* **EXERCISE**:
Write out the entries below exactly, but only from the line containing "NISSAN QASHQAI 2018 sjnfdnj11u2190915" through the line containing "VW T5 2.0 Bi-TDI 4Motion-image-1", and without the pictures.

* **DATASET CONTENT**:
= Beginning of Section =

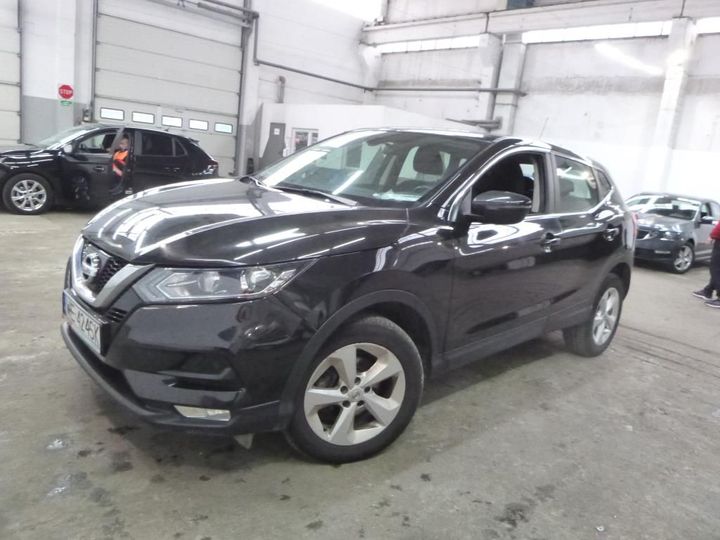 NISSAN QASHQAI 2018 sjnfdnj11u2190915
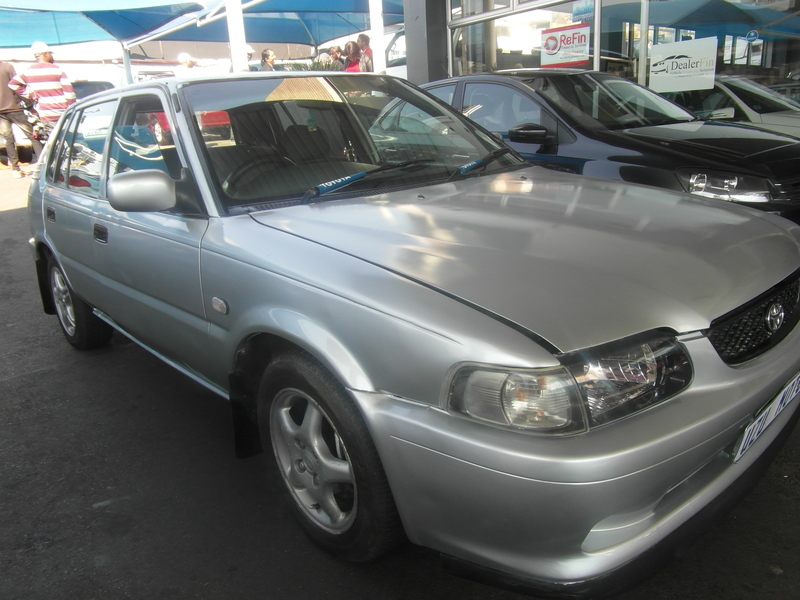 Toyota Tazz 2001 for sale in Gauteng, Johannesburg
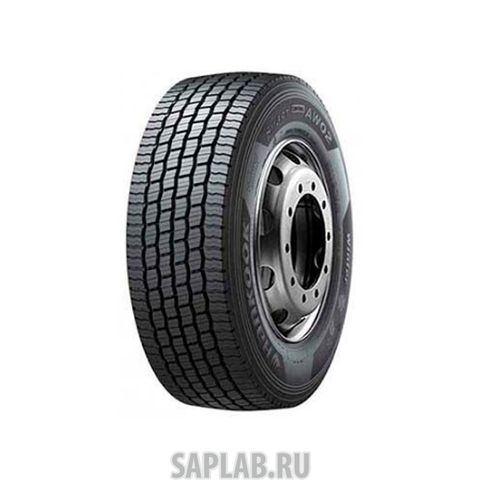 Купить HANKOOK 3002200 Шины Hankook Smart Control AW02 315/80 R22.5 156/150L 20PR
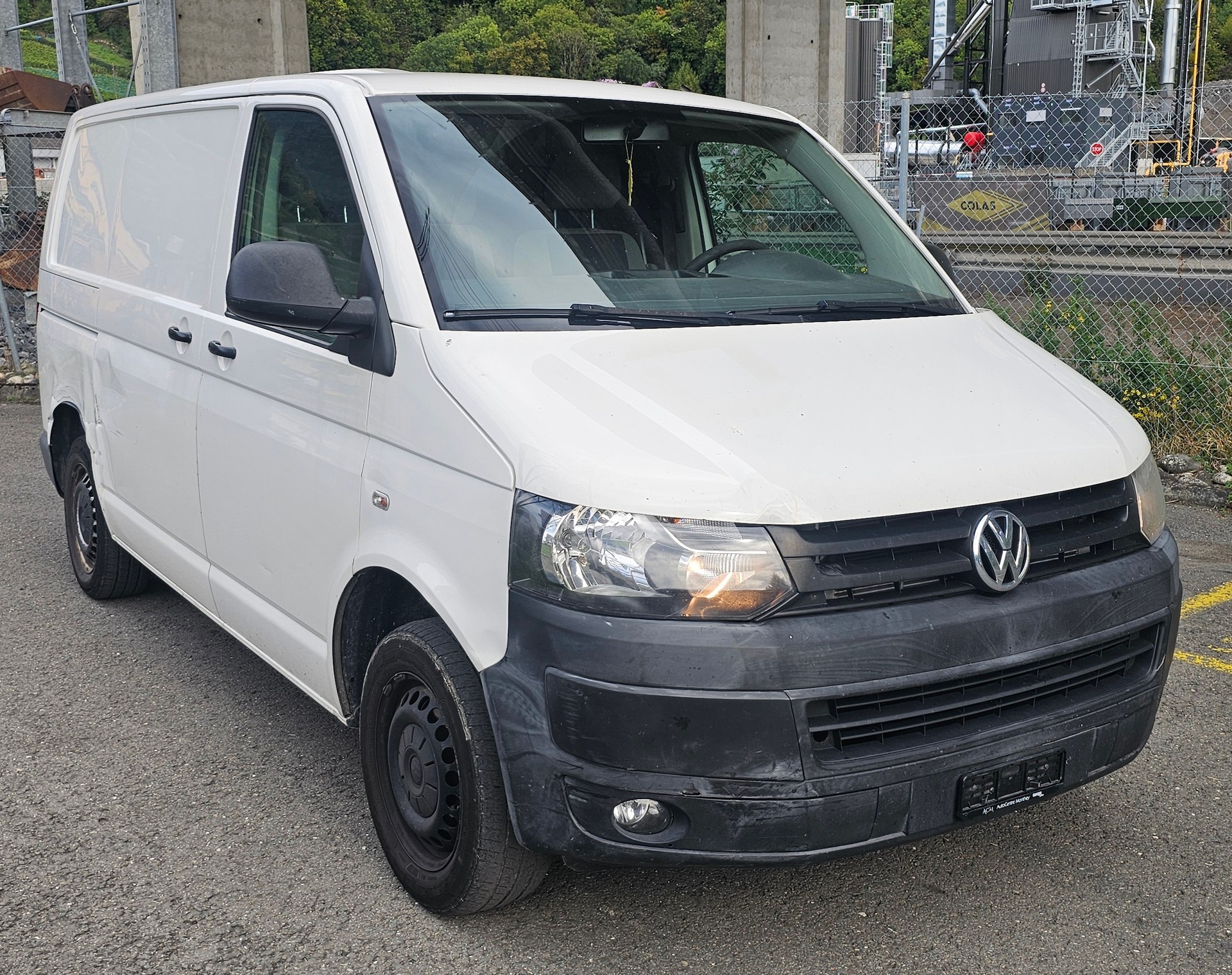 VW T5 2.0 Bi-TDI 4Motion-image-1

= End of Section =
= Beginning of Section =

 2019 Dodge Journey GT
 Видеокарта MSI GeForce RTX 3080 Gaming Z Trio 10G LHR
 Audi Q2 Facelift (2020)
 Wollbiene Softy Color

= End of Section =

* **THE ANSWER**:
 NISSAN QASHQAI 2018 sjnfdnj11u2190915
 Toyota Tazz 2001 for sale in Gauteng, Johannesburg
 Купить HANKOOK 3002200 Шины Hankook Smart Control AW02 315/80 R22.5 156/150L 20PR
 VW T5 2.0 Bi-TDI 4Motion-image-1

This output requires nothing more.